_GIVEN INFORMATION_:
##########
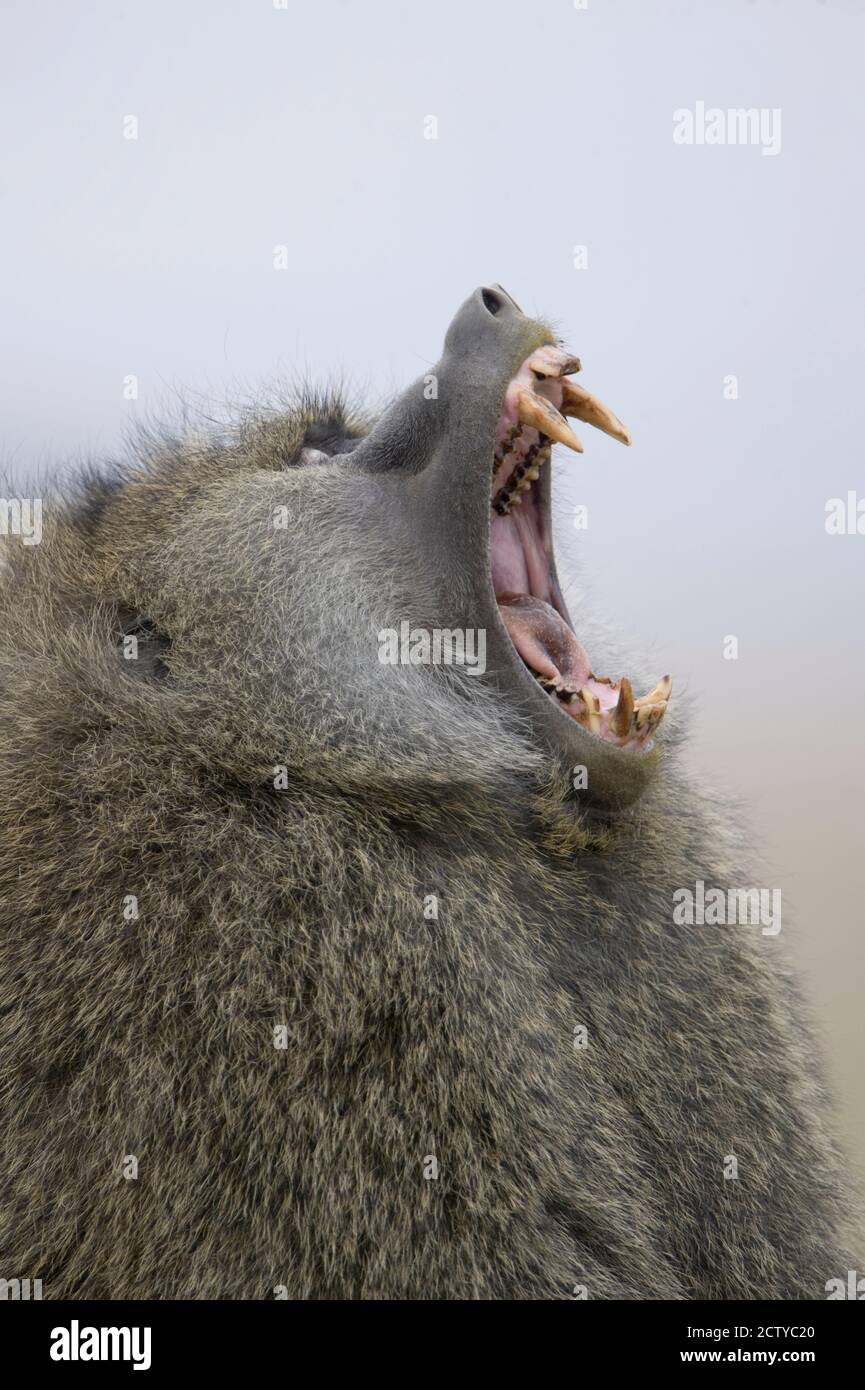 Close-up of an Olive baboon (Papio anubis) yawning, Tanzania Stock Photo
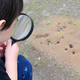 好奇心を育てよう！赤ちゃんから3歳頃まで長く楽しめる図鑑9選【0～3歳向け】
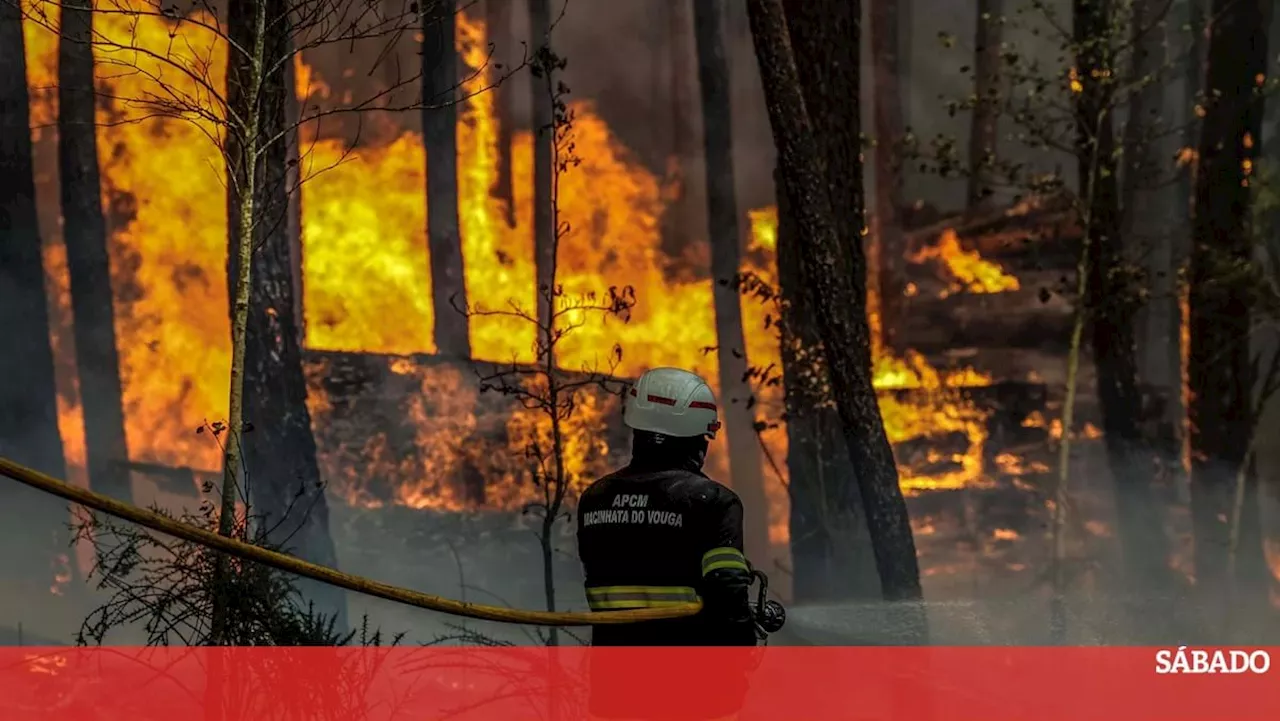 Dez mil hectares ardidos entre a Área Metropolitana do Porto e Aveiro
##########
_TASK TO CARRY OUT_: Output the listing above exactly, pictures omitted.

_RESPONSE_:
 Close-up of an Olive baboon (Papio anubis) yawning, Tanzania Stock Photo
 好奇心を育てよう！赤ちゃんから3歳頃まで長く楽しめる図鑑9選【0～3歳向け】
 Dez mil hectares ardidos entre a Área Metropolitana do Porto e Aveiro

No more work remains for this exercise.